My largest and grandest outdoor project to date, I give you: a dam!
Now, first, let’s be clear. This is a check dam. So not Hoover Dam, but something smaller meant for water to go over. The general purpose is to slow the water. In low water flow, water will pool behind and gradually be absorbed by the ground and carried underneath by the drainage tile. In high water flow, the water goes over the dam – but is spread over a wider area, with lower velocity, over a non-erodible surface.
Let’s also be clear, this is a seasonal stream which probably isn’t running with water for more than three weeks a year. It’s mostly just a weedy ditch. A weedy ditch, that when it does have water, has rather a lot of it moving quickly, and accordingly has a tendency to erode large amounts of dirt and eat up land. Climate change in rainfall is a factor, as well as the changing ecology of this little valley (as prairie land was used for pasture and agriculture, now mostly regrowth forest, with logging and occasional patches of agriculture).

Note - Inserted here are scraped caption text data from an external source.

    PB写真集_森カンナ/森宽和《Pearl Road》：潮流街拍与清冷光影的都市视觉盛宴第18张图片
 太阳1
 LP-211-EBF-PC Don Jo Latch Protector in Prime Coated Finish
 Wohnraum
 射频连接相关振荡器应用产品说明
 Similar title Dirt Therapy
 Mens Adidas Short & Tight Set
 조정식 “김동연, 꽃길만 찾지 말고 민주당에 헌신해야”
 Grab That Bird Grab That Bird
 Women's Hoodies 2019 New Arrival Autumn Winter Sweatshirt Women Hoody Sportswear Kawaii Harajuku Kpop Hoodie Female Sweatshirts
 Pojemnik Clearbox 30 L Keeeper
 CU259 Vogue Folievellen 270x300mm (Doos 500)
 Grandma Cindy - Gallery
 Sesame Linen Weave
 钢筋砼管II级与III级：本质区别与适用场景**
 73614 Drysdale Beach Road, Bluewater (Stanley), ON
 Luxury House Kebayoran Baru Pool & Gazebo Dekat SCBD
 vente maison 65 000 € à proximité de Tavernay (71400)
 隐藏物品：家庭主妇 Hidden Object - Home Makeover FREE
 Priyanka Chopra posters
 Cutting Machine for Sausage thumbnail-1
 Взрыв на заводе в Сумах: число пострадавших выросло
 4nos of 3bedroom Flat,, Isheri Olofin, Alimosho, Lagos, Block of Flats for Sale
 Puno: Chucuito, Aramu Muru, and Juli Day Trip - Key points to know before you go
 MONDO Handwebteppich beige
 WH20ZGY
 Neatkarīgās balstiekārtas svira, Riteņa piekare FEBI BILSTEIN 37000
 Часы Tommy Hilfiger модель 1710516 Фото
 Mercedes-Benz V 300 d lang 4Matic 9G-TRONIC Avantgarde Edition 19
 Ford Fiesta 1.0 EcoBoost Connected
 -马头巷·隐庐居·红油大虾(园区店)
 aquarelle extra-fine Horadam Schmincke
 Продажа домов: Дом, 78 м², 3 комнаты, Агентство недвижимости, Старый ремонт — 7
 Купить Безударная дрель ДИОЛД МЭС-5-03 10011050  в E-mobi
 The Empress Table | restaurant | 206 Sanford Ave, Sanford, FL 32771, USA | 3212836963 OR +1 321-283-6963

Control of the ravine is a complex project. spanning the land of many different property owners. My goal is simply to protect the ravine from getting too close to our farm house. This is basically a two part operation – one to stop the ravine from getting wider, and the other to stop it from getting deeper. Controlling the width is controlling the water flow down the property towards the ravine, which we’ve done with various measures. Now this part is for controlling the depth, and involves slowing the velocity of water which runs down the center stream of the ravine.
The first major hurdle of the project was building an access trail into the ravine, as I wrote about earlier. I also spent a while pruning up the trees to let a little more sunlight in to nourish a thick carpet of plants.
Now the next step was clearing out the trough which brings water down the hill (visible below in very bottom left, a rock lined channel). This passes through a PVC pipe and a drainage pipe, with an additional overflow option. In addition, I decided to build a small berm around the ravine in a U-shape approaching the dam (visible in the middle).
This is all rather like designing a fortress. I have always wanted to build a castle, but this will have to do for now. The idea here is to prevent any possible breach around the dam, as the greatest threat to dam failure here is the water going around the dam by another new channel. We want the water to flow over the dam and only over the dam.
The actual dam construction is relatively straight-forward. Layered sheets of metal roofing hold the edge of an earthen embankment. The embankment itself holds back a pool of water. A pair of 4-inch drain tile pipe runs under the dam. Three major posts in concrete supported by several subsidiary t-posts hold the sheets in place. The posts all serve to hold cables as a handhold for a tree log to be thrown across.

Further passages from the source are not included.